**Exercise requirements**
Could you return the data that follows exactly, minus the images?

**Provided data**
=-=-=
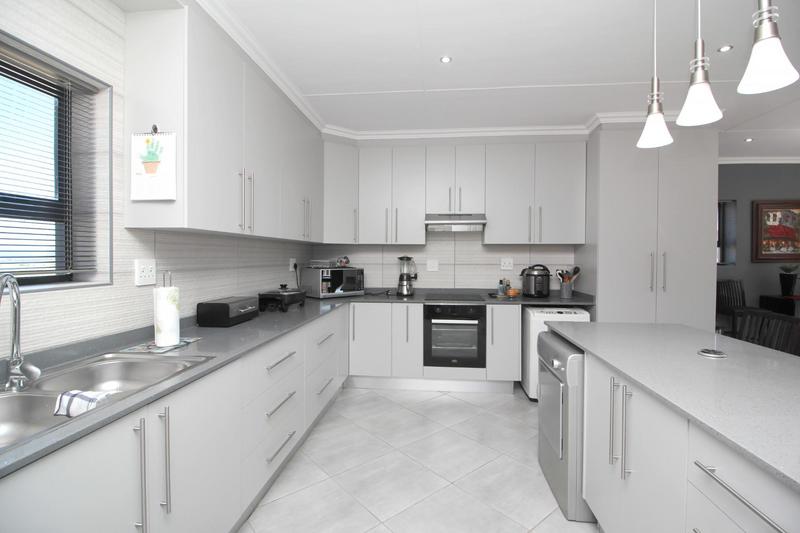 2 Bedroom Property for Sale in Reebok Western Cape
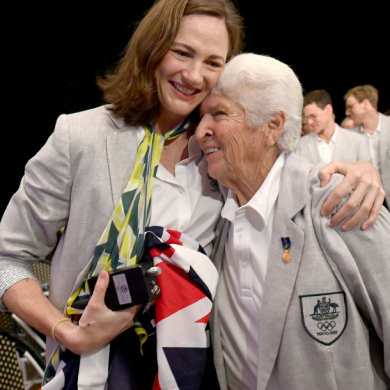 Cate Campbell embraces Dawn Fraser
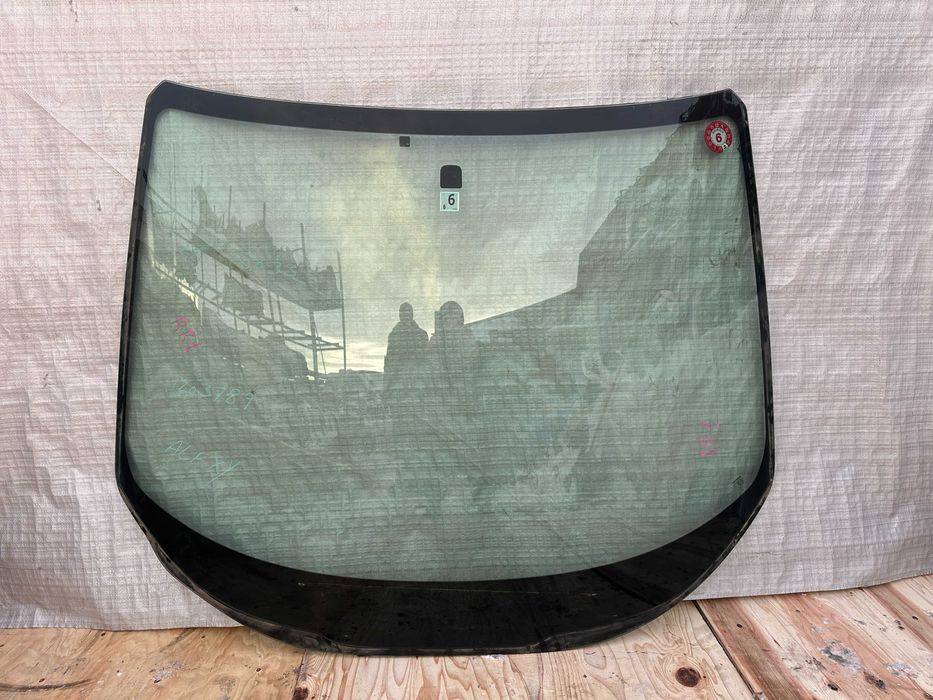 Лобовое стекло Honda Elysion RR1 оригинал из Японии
=-=-=
**Output below**
 2 Bedroom Property for Sale in Reebok Western Cape
 Cate Campbell embraces Dawn Fraser
 Лобовое стекло Honda Elysion RR1 оригинал из Японии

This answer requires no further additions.